AskBiz|Help Centre
Financial Management & Tax·6 min read·Updated 15 March 2025

Using Business Data for Tax Planning

How to use AskBiz financial data to make better tax decisions — timing purchases, managing profit extraction, and preparing for your tax bill before it arrives.

Important disclaimer

AskBiz provides financial data and tools for business intelligence purposes. Nothing in this article constitutes tax advice. Tax planning decisions should always be made with a qualified accountant or tax adviser who knows your specific circumstances. Tax laws change frequently and vary significantly based on your business structure, industry, and other factors.

Knowing your taxable profit in real time

One of the most common small business tax mistakes is being surprised by a large tax bill because profits were not tracked during the year.

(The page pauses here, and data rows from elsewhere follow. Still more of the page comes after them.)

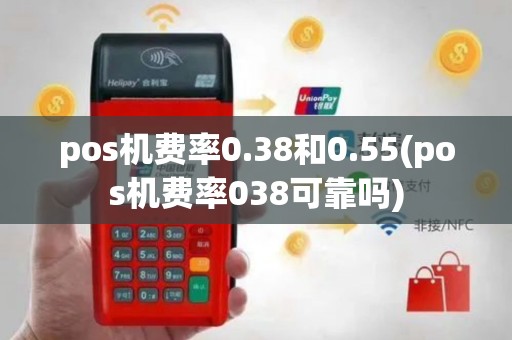 pos机费率0.38和0.55(pos机费率038可靠吗)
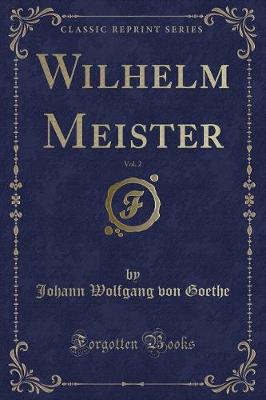 Book cover for Wilhelm Meister, Vol. 2 (Classic Reprint)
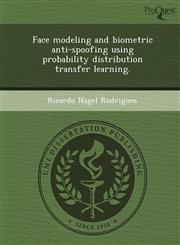 Face modeling and biometric anti-spoofing using probability distribution transfer learning.,1249875137,9781249875130
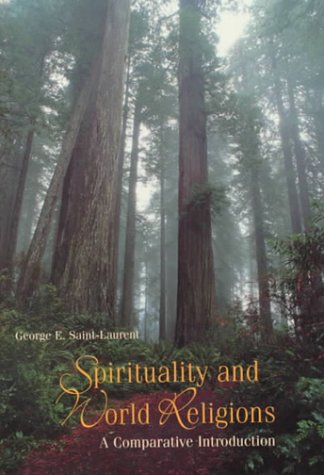 Spirituality and World Religions: A Comparative Introduction book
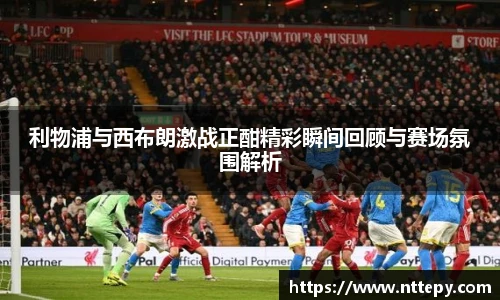 利物浦与西布朗激战正酣精彩瞬间回顾与赛场氛围解析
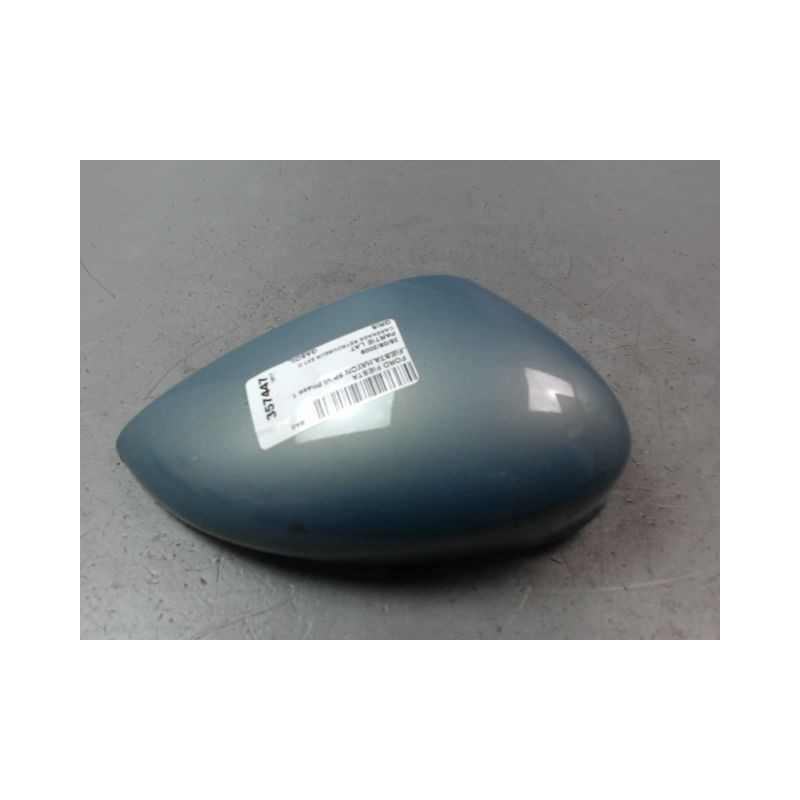 CARENAGE RETROVISEUR EXTERIEUR DROIT FORD FIESTA VI Phase 1 2008-2012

AskBiz shows your estimated taxable profit in real time — so you always know roughly where you stand.

Go to Finance → Tax Planning → Estimated Tax Position to see:

  • Year-to-date profit (based on AskBiz data — your accountant will make adjustments)
  • Estimated Corporation Tax or Income Tax liability at current run rate
  • Months remaining in your tax year
  • Suggested monthly provision (how much to set aside each month to cover the tax bill)

Note: AskBiz's tax estimate is indicative only. Your actual taxable profit will differ from AskBiz's figure after your accountant makes accounting adjustments — discuss the final figure with them.

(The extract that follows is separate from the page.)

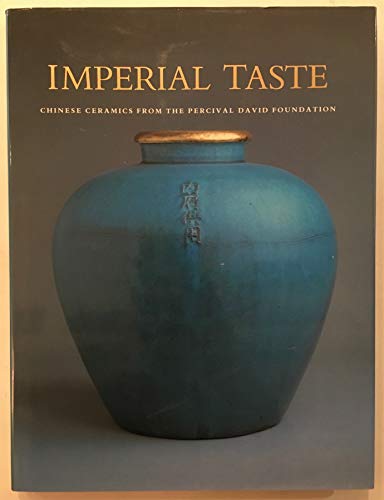 Beispielbild fr Imperial Taste: Chinese Ceramics from the Percival David Foundation (Percival David Foundation of Chinese Art: Colloquies on Art andArchaeology in Asia) zum Verkauf von AwesomeBooks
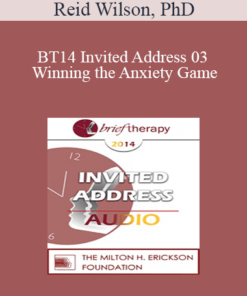 [Audio] BT14 Invited Address 03 - Winning the Anxiety Game: Brief Strategic Treatment for the Anxiety Disorders - Reid Wilson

Timing large purchases before year end

Capital allowances allow businesses to deduct qualifying capital expenditure from taxable profits in the year of purchase. If your AskBiz data shows you are heading for a profitable year, your accountant may recommend making qualifying capital purchases before your year end to reduce the tax bill.

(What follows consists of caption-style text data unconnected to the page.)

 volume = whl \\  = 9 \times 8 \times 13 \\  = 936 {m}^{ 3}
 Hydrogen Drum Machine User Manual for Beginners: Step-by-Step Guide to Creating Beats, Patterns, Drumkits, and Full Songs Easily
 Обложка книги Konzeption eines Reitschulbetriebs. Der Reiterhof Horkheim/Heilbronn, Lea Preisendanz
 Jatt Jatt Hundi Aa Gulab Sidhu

AskBiz can help you identify the right timing:

1. Go to Finance → Tax Planning → Year End Forecast

2. See your projected taxable profit for the year based on current trading

3. Model the tax impact of a capital purchase (enter the amount and AskBiz estimates the tax saving)

Capital purchases to consider: equipment, technology, vehicles (subject to restrictions), leasehold improvements. Always confirm eligibility for capital allowances with your accountant before making a purchase purely for tax reasons.

Quarterly tax provisions and cash flow

Setting aside tax provisions monthly prevents the cash flow shock of a large tax payment. AskBiz calculates a suggested monthly provision based on:

  • Your estimated annual taxable profit (from your AskBiz profit data)
  • Your applicable tax rate (Corporation Tax at 25% for profits above £250,000; 19% for profits below £50,000 — adjusted automatically based on your entity type in Settings)
  • Your payment dates (Corporation Tax is typically due 9 months and 1 day after your accounting year end; Payment on Account applies to sole traders and partnerships)

Go to Finance → Tax Planning → Monthly Provision to see your suggested monthly amount. Transfer this to a separate savings account each month — it prevents the money from being spent on operations and ensures cash is available when the bill arrives.

Profit extraction planning

For owner-managed businesses (Ltd companies), how you extract profit from the business — salary vs dividends vs pension contributions — has significant tax implications that AskBiz can help you model.

AskBiz shows your current profit extraction method and its effective tax rate in Finance → Tax Planning → Profit Extraction. You can model alternative scenarios:

  • Increasing salary (reduces Corporation Tax but increases Income Tax and NI)
  • Increasing dividends (taxed at dividend rates, which differ from income tax rates)
  • Pension contributions (fully deductible for Corporation Tax purposes; no NI; tax-free growth)

The optimal extraction strategy depends on your personal tax position, other income, and future plans — your accountant should advise. AskBiz provides the business profit data needed to make these calculations; the decision itself requires professional input.